I don't know about you, but I always feel most Jewish when there are no other Jews around. When I'm NY or even Washington, DC I don't walk around thinking "hey, I'm Jewish". But when you are in rural Tanzania and no one knows that you are Jewish but all assume that you are Christian - that's when I feel my Jewishness most profoundly.

It is not like anyone would care. Seriously. Most of the American Jews I know think that the whole world is against us. But frankly, that's a very Jewocentric view of the world. The truth is - and I know this because I've traveled the world - most people don't even know what a Jew is. I don't walk around with my Jewishness on my shoulder because it would just be confusing for the people I'm working with. Seriously. Let me give you an example of a conversation between myself and our fabulous nanny, Secunda. Mind you, Secunda is pretty with it for here. She speaks excellent English and even spent a year living in Arlington, VA with an Embassy family that took her back to be their nanny.

Secunda: "Hally, do you and the children go to church on Sundays?"

Hally: "No. We don't go to church. We are not Christian."

Secunda: "Don't go to church? [Confused] You mean you are Muslim?"

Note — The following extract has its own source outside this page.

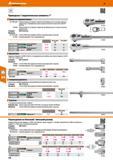532 Трещотки переключаемые 647500/7600 - Переключаемая на правый /левый ход (36 зубьев); ручка и головка трещотки разделенные Подверженные из Каталог HOFFMANN GROUP 2017 Ручной слесарно-монтажный и контрольно-измерительный инструмент для производственных предприятиий и служб сервиса Инвентарь Стр. 532
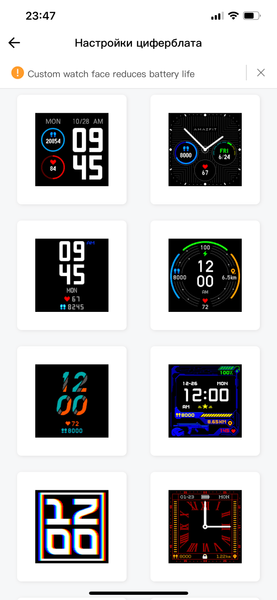 Amazfit Bip S Lite с цветным экраном E-paper:, фото 15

Hally: "No. We are Jewish. Instead of church we go to a synagogue, which is like a church but it is where Jews go to pray."

Secunda: "You're Jewish? I don't understand."

Hally: "It's another religion like Christianity. But it is different."

Secunda: "So you believe that Jesus is the Lord Savior?"

Hally: "No. Jews don't believe that Jesus was the Messiah. But actually, remember, Jesus was a Jew."

Secunda: "No. Jesus was a Christian."

Hally: "Actually, Jesus was a Jew who taught about a new way of thinking and living. After he died some of the people who followed him created a new religion called Christianity."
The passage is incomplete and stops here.